If you take nothing else away from this article, let it be this - don’t make it a status update. This meeting is about you, and unless you’re giving me some context around the actual thing you want to talk about, a status update is just wasting your time.

Instead, give me status updates in slack, on a regular basis. This accomplishes several things:

  • It keeps you and your project top of mind throughout the month. My attention is naturally pulled towards whatever is currently on fire, or to shepherding something new. By checking in more frequently, you ensure that your project gets the attention it deserves, and that minor issues can get resolved before they turn into major ones.
  • A month is too long to go without a status update. To the point of minor issues turning into major issues - a weekly check-in can keep that from happening. We hire capable people and expect them to be able to independently solve problems, but that doesn’t mean you have to. Sometimes, I just have more leverage, to schedule meetings higher up the org chart, to put more weight behind a request, etc.
  • It’s an opportunity to make yourself look good. If Alice sends me a message every week saying something like “here’s the cool thing I did” or “here’s the fire I put out by myself”, the end result will be that I will vaguely remember a bunch of positive anecdotes about Alice. Don’t worry about coming across as self-promotional or inauthentic; as long as you’re not lying, these updates will only be received positively.

What do you want to get out of your 1:1s?

Knowing what you want out of your 1:1s is the first place to start. This meeting is not about me - as your manager, I can call a meeting with you anytime I need to talk about something. Particularly in a remote environment, your monthly 1:1 is one of the few opportunities you have to meet with your manager without someone else’s itinerary dictating the conversation.

Is there something bothering you?

If something is bothering you, tell me. I can’t do anything about it if I don’t know about it. Some people are worried about coming across as negative, or feeling like they’re complaining too much. Forget those concerns. I want to help you. I am thrilled when I get a chance to actually make a difference. So much of my job is just being present - checking the box that a Director was on the call, that a problem I can actually solve is a welcome distraction.

Do you want career growth?

If you’re trying to set yourself up for your next step in your career, obviously, tell me that too. But, the best advice I can offer you in this situation is to ask me what my problems are, and how you can help me solve them.

Almost by definition, my problems are at a different tier of responsibility than yours. By asking about, and offering to help with those problems, you are a) getting exposed to a different facet of the business than you usually would, and b) getting practice dealing with things that will form the foundation of your next role. When it comes time for performance reviews, it’s so much easier to justify a promotion when you’re already doing the work of the next tier.

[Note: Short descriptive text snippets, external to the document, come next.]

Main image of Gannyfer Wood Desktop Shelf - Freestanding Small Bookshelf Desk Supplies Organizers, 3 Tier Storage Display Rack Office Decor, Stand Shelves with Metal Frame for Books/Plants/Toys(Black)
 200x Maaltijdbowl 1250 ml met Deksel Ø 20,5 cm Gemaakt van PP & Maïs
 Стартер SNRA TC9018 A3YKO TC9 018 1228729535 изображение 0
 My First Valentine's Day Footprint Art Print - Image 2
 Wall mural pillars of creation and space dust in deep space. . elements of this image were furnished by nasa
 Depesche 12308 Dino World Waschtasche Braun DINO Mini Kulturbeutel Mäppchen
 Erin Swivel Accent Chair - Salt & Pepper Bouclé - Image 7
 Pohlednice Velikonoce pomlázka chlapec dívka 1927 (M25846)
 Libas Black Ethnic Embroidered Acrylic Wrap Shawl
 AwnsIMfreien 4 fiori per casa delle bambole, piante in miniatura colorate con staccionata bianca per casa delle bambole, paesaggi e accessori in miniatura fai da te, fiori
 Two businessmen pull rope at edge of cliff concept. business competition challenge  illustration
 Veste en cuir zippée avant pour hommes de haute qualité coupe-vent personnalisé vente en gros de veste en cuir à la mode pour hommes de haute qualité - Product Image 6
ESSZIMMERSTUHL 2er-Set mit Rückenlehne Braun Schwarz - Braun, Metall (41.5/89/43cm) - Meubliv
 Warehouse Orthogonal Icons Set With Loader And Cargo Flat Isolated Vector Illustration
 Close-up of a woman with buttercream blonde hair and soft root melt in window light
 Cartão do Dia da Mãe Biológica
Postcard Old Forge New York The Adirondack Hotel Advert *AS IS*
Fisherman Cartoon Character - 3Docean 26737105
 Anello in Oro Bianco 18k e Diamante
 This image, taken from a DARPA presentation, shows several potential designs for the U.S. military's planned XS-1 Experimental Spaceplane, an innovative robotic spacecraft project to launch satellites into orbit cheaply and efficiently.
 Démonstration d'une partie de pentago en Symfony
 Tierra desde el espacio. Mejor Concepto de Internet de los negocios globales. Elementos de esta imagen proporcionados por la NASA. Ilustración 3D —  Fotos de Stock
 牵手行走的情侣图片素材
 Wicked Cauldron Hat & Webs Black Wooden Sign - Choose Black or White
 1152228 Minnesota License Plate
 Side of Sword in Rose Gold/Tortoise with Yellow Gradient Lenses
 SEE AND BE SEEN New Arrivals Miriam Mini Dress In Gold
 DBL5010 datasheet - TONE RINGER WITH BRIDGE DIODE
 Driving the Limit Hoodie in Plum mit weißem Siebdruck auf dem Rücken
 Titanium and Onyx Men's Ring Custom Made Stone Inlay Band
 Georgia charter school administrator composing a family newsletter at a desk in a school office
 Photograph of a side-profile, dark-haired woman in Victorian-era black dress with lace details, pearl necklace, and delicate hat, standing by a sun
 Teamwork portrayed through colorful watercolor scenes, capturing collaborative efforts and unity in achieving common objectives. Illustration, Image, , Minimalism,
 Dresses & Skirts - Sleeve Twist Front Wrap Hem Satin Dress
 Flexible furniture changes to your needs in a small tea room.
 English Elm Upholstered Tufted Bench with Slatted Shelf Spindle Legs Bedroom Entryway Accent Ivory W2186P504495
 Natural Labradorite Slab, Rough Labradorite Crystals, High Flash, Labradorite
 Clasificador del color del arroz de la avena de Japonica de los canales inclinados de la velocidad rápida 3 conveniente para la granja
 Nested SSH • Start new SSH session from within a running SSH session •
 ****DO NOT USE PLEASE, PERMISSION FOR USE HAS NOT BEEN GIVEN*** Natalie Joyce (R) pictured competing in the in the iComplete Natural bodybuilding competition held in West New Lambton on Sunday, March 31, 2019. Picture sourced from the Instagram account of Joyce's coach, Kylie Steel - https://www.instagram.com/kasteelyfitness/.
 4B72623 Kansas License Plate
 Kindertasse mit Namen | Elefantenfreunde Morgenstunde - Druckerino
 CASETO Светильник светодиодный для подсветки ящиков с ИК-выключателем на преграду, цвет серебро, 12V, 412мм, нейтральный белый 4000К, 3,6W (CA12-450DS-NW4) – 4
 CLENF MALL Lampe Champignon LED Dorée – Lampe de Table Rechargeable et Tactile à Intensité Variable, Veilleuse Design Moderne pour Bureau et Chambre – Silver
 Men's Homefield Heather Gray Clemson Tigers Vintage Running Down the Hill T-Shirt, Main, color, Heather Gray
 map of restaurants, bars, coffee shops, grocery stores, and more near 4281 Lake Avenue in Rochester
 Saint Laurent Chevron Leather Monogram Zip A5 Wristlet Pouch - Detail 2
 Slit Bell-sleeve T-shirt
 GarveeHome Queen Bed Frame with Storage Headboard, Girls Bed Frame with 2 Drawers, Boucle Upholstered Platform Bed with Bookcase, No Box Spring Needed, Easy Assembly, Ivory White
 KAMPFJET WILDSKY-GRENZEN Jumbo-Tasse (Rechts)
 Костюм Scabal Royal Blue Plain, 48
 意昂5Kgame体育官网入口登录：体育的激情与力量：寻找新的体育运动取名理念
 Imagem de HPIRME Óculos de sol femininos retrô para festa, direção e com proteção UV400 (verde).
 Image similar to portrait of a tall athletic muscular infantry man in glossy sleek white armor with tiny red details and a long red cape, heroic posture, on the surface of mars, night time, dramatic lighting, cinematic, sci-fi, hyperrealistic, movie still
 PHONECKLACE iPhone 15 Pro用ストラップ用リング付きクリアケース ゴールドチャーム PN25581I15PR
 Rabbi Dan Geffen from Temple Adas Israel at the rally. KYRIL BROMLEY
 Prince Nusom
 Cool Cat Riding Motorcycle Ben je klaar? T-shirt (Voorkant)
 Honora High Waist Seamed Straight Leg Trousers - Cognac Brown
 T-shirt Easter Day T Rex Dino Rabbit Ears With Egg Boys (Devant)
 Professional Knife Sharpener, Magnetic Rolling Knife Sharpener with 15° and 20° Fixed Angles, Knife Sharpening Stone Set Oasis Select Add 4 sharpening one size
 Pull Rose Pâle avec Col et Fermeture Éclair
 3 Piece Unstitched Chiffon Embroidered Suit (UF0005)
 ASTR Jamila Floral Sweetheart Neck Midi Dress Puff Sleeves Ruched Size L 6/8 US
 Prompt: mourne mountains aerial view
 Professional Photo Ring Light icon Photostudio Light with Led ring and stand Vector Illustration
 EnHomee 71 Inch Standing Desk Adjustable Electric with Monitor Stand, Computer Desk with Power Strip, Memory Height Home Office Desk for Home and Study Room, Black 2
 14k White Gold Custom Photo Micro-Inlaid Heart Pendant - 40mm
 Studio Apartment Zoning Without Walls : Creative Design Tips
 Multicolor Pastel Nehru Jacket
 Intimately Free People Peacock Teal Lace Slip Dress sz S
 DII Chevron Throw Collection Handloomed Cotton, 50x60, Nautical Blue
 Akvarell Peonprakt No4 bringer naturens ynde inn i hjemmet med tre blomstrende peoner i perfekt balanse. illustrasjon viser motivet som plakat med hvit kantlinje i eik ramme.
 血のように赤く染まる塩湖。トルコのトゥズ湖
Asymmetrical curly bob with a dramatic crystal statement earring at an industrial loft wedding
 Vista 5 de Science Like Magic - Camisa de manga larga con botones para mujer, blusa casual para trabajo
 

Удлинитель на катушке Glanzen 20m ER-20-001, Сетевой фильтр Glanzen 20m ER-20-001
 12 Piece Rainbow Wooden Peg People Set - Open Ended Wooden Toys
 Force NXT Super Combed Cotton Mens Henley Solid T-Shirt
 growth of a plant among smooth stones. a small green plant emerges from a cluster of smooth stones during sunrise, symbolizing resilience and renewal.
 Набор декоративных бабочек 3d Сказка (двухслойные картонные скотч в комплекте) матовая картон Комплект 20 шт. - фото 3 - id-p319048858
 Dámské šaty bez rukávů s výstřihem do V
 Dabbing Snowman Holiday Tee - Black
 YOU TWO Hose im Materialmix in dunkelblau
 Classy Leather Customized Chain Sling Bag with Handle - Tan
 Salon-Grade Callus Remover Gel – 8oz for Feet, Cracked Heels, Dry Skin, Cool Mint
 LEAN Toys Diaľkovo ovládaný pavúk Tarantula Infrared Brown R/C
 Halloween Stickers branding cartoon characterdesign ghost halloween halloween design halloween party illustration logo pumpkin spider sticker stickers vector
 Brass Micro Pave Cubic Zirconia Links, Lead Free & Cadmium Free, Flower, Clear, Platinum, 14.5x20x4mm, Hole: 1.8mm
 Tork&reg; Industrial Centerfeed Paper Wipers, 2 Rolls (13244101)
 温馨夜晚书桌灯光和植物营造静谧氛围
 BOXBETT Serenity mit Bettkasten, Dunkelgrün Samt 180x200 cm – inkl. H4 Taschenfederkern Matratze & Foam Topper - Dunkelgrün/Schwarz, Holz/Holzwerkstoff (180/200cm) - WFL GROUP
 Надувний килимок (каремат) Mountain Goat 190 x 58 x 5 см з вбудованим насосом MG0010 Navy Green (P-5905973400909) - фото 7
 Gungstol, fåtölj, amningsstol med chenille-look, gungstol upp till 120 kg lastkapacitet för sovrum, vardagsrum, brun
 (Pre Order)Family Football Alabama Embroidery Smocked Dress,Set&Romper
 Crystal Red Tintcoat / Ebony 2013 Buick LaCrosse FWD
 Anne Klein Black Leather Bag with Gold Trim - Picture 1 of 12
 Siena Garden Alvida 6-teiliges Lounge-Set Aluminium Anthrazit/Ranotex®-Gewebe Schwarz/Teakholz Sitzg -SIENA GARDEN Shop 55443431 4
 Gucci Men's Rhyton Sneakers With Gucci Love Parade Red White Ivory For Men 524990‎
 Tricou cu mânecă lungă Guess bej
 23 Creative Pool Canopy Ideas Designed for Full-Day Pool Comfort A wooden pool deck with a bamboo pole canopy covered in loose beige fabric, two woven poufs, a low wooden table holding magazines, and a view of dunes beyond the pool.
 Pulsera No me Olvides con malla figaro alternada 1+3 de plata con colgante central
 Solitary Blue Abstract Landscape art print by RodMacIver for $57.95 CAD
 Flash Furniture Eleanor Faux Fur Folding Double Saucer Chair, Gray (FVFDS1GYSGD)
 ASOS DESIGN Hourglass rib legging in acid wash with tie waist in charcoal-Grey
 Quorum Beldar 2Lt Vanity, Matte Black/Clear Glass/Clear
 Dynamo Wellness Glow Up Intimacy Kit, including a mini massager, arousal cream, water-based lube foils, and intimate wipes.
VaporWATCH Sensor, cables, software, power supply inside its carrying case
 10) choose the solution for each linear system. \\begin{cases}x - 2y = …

Do you want more interesting work?

This section is particularly relevant for people who work at agencies like I do. Almost uniformly, the people who work at Devetry do so because they want exposure to a lot of different technologies, across a number of different industries. If you’ve been on a single project for over six months, and you’re ready for something new, let me know! I’m not going to move someone off of a project if that project is going well and they’re happy there, but if you tell me you’re looking for something else (and ideally, what you’re looking for) then I can keep an eye out.

Making this request in the middle of an ongoing project can also help ensure that your next engagement is a good fit. For better or for worse, waiting until the end of a project means that there’s a bit of a rush to find you your next thing. You’ll get assigned to whatever we have lying around. By starting this search early, we’ll greatly increase the odds that we find something that matches your interests, career goals, or is that perfect stretch project where you can learn something new.

End with next steps

I do this at the end of every single client meeting I take, and you should do it with me. The last few minutes of the call should be a round-up of all the action items that have been discussed. Clearly state:

  • Who is going to do it,
  • what is going to be done,
  • and when it’s going to be done by.

This makes responsibilities explicit, and reduces chances for miscommunication. It’s easy for me to come away from a conversation thinking “Bob wants to transfer to a new project, I’ll keep his name in mind as things come up” but for you to be imagining a much shorter timeline. By saying “You will find me a new project by our next 1:1”, you’re letting me know that I need to dial up that sense of urgency.


This article is a living document! If you’re one of my direct reports (or anyone, really, who attends 1:1s), and you notice a category of conversation I haven’t covered here, tell me! I’d love for this article to be a part of my personal README, and for all of my 1:1s to be more interesting and useful.